と、飛鳥の様に飛びかかる黒影、あなやと身構える明智の耳に、意外、味方の文代のいそがしい囁声、
「飛び込む真似をして、船べりに隠れていらっしゃい」
たった一言、黒影はついと離れた。
救い主の忠告である。明智は何も考えずその言葉に従った。
「この位の海が泳げないでどうするものか」
聞えよがしに大きく叫んで、ひょいと欄干を飛越すと、いきなり、もんどりうって、船の小縁にぶら下った。命の瀬戸際の軽業だ。
と同時に、当の明智でさえ自分が落ちたのではないかと疑った程の、ドボンという大きな水音。分った分った。文代の巧みなトリックだ。闇にまぎれて、何かしら重い品物を抛り込んだのだ。
「ヤ、飛込んだ。ボートを出せ、ボートを出せ」
道化師のわめき声、艫の方へ走る三人の足音、そこに小さなボートがつないである。狼狽した三人は、何を考える隙もなく、それをたぐり寄せて乗り込んだ。やがて、水を切るオールの音。ボートは明智の飛込んだと覚しきあたりを漕ぎ廻って、星あかりに海面をすかし見ながら、次第に本船を遠ざかって行く。

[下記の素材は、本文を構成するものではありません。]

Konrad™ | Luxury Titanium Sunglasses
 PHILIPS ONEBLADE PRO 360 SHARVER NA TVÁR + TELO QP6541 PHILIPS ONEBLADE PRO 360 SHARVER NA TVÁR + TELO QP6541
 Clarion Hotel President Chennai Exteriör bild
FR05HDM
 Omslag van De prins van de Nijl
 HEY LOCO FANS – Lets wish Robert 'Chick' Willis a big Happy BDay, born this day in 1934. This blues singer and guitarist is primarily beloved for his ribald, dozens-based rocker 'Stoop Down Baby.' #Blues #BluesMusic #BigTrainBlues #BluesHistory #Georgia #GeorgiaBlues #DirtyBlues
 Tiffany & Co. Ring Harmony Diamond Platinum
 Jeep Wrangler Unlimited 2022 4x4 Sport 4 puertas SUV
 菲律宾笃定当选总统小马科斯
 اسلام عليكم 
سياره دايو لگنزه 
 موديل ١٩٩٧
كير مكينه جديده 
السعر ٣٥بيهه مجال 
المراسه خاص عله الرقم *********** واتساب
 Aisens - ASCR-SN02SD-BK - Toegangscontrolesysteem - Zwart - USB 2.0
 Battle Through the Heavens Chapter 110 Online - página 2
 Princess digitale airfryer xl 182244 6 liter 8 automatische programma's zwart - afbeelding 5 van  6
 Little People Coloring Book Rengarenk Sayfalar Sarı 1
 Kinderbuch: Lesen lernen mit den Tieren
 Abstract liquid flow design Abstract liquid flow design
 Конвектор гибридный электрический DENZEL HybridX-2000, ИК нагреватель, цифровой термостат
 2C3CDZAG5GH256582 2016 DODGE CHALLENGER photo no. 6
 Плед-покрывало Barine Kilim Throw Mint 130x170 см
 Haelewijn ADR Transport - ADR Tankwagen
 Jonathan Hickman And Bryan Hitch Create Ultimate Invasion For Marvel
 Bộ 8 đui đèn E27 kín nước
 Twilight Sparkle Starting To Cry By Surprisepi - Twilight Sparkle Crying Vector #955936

「もう大丈夫ですわ。あの人達が帰って来るまで、どっかに隠れていらっしゃい。そしてあの人達と入れ代りに、あのボートで御逃げなさい」
明智が甲板に這い上ると、一生懸命の少女が、彼の耳たぶに温い息をかけて、策を授けた。
「有難う。僕は君のことを忘れませんよ。それにしても、君はどうしてあの連中を裏切って僕の味方をしてくれたんです。君は賊の一味ではないのですか」
明智は少女の手を握って囁き返した。何かしら熱いものが、目の中に湧上って来るのをどうすることも出来なんだ。
「あたし悪者の首領の娘ですの」文代は悲しい声で云った。「でも、でも、あたし、あなたのお名前をよく知っていたのです。そして、お助けしないではいられなかったのです」
少女は激情の余り泣き出しそうにしながら、握られていた明智の手を、じっと握り返した。その指先にこもる異様な情熱。明智は、闇の中ながら、又彼の年齢にも拘らず、少年の羞恥を感じて、思わず顔を赤らめないではいられなかった。